Melchor María Mercado
Chegamos a uma vitrine dedicada à obra Álbum de paisagens, tipos humanos e costumes, do artista boliviano Melchor María Mercado. Estão expostos fac-símiles de uma parte das cento e quarenta e uma ilustrações, originalmente feitas com aquarela e tinta colorida sobre papel branco. Cada uma mede 20,5 centímetros por 33 centímetros e estão dispostas umas ao lado das outras.
As aquarelas foram produzidas entre 1841 e 1869, período de início da República da Bolívia, embora tenham sido exibidas pela primeira vez mais de um século depois, em 1991. Na época de sua criação, predominavam os relatos sobre a vida nesse país de uma perspectiva europeia sobre as colônias. As ilustrações de Mercado constituem um conjunto valioso justamente porque buscaram contar uma história da Bolívia a partir da perspectiva de uma pessoa boliviana. Afinal, uma história contada por alguém que a viveu seria muito diferente daquela contada pelos colonizadores. Como diz Beatriz Martínez-Hijazo para o catálogo desta Bienal, “indo na contramão da historiografia tradicional e do gosto neoclássico predominante, Melchor María Mercado tece outras formas de ‘narrar a nação'”.
Melchor María Mercado nasceu na cidade de Sucre, Bolívia, no ano de 1816, e faleceu em 1871. Ao longo de sua vida, exerceu diversos ofícios, tanto científicos quanto artísticos. Seu interesse por pintura, pela história natural e pela política o levou a percorrer todas as regiões do território boliviano, o que possibilitou a realização desse importante trabalho iconográfico.

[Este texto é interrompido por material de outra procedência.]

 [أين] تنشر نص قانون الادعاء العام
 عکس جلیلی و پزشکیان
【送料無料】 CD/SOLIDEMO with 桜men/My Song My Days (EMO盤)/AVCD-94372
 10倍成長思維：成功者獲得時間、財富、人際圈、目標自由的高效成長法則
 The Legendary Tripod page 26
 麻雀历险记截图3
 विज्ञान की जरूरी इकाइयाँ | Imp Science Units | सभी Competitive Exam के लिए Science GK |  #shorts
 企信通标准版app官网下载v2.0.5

As ilustrações revelam aspectos da cultura, arquitetura e natureza boliviana: costumes e hábitos das pessoas, sobretudo de personagens populares em cenas da vida cotidiana; detalhes das suas ferramentas e instrumentos de trabalho; trajes típicos; artefatos de suas festividades; cosmologias, mitos e tradições. Sua obra também evoca o entorno natural, como as montanhas, os rios, as plantas e os animais, e paisagens rurais e urbanas, como cidades, povos, jardins, igrejas e monumentos. Aqui, o que era marginalizado pelo poder colonial passa a protagonizar a narrativa: navegantes do lago Titicaca, mulheres “del oriente”, cegos, cholas, mestizas, indígenas, animais… Uma narrativa do povo boliviano para o povo boliviano.
Em uma destas ilustrações estão cinco figuras fantásticas, uma ao lado da outra no mesmo plano do desenho. Sobre elas está escrito com uma caligrafia preta e adornada “República Boliviana. Paz” e no rodapé, em letras menores, está escrito “danzantes”, o que indica que elas estão dançando. Todas têm a cabeça desproporcionalmente grande em relação ao corpo.

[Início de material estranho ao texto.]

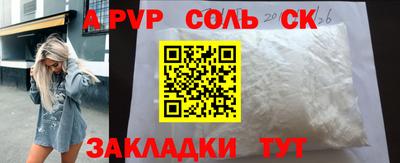 меф VHQ Бийск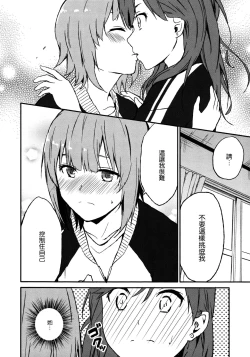 Page 12 of Rub & Love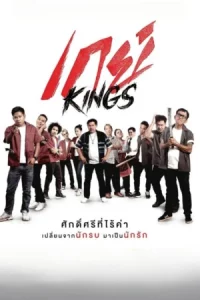 GayKings (2025) เกย์ Kings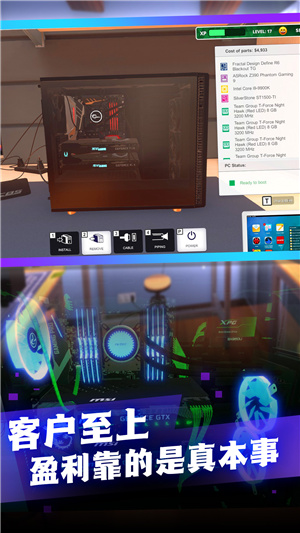 电脑组装模拟截图1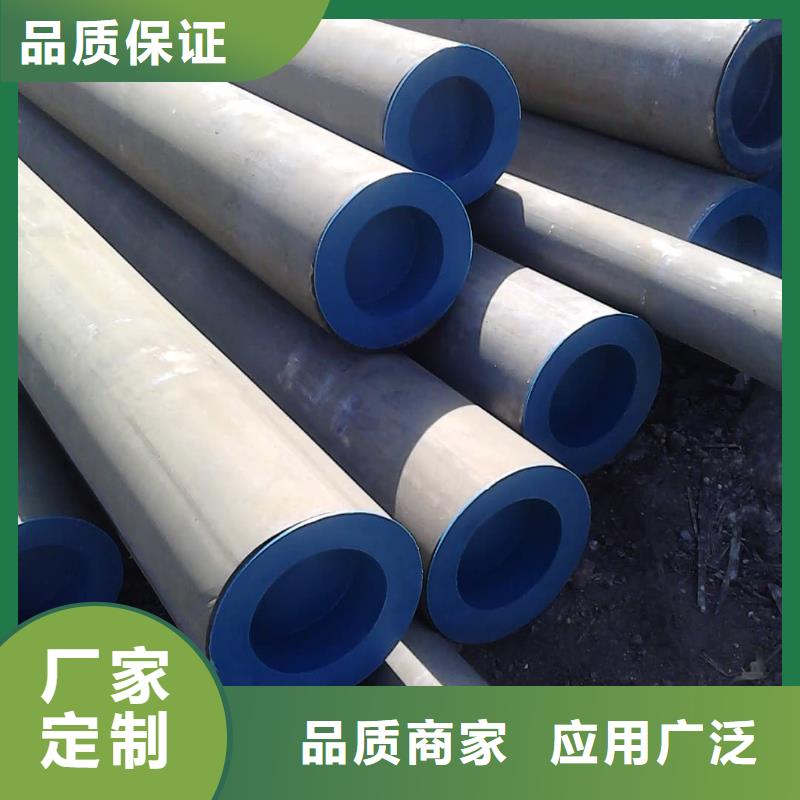 酸洗钝化无缝管无缝钢管用心服务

A primeira delas, da esquerda para direita, tem o rosto circular cercado por babados também circulares, o que remete às representações do sol. Ela veste uma roupa preta e justa, cinto vermelho e botas brancas de cano alto. Um de seus braços aponta para cima e o outro para baixo.

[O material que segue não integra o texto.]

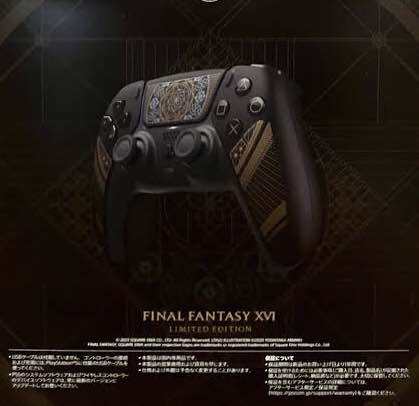 Ps Dualsense Final Fantasy Xvi Limited Edition Wireless Controller New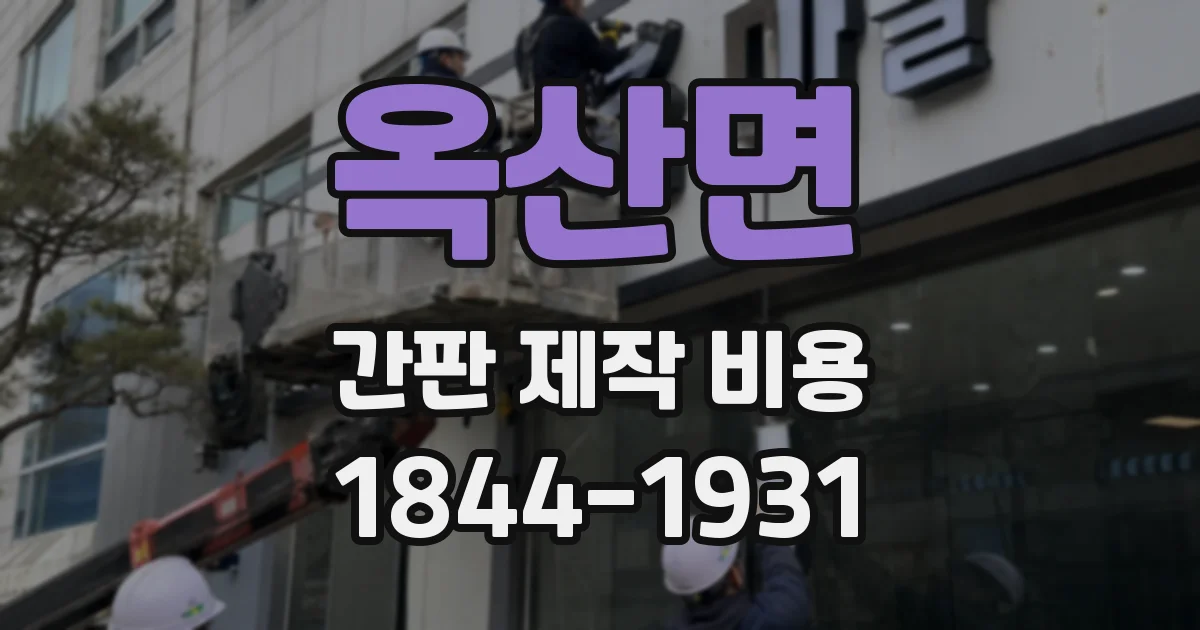 옥산면 간판 제작 비용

A segunda figura tem um grande sorriso, em seu rosto estão vários quadradinhos azuis, como se fossem janelas abertas para o céu. Seus cabelos são compridos, loiros e cacheados. Sua camisa tem faixas verticais coloridas e a calça é preta. No lugar da mão esquerda, ela tem um longo gancho de pirata e segura um solzinho com a mão direita.
A terceira figura ocupa o centro da ilustração, ela está de perfil voltada para a esquerda. Sua cabeça é rosada, sem cabelos e com dois chifres. Seus olhos são amendoados, o nariz protuberante e os lábios bem vermelhos. Ela segura entre os lábios o caule de um fruto verde que está acima de sua cabeça. Veste camisa branca e calça azul.
A quarta figura tem uma cabeça de boi de pelagem marrom, com longos chifres. Está descalça, veste uma camisa listrada colorida e short preto. A última figura está quase de costas. Tem uma cabeça de cavalo com expressão triste e veste uma camisa preta sem mangas e uma bermuda preta de barra branca.
Importante notarmos que alguns dos elementos pictóricos parecem antecipar o realismo fantástico e suscitam reflexões políticas. Nas ilustrações, por exemplo, é comum que nobres colonizadores sejam retratados sendo decapitados; ou que comunidades bolivianas apareçam em lugar de superioridade em relação aos colonizadores. Por outro lado, Mercado também suscita uma reflexão sobre as relações humano-animais, muitas das vezes invertendo as posições – pessoas sendo devoradas por bichos ou em posição de animais de carga.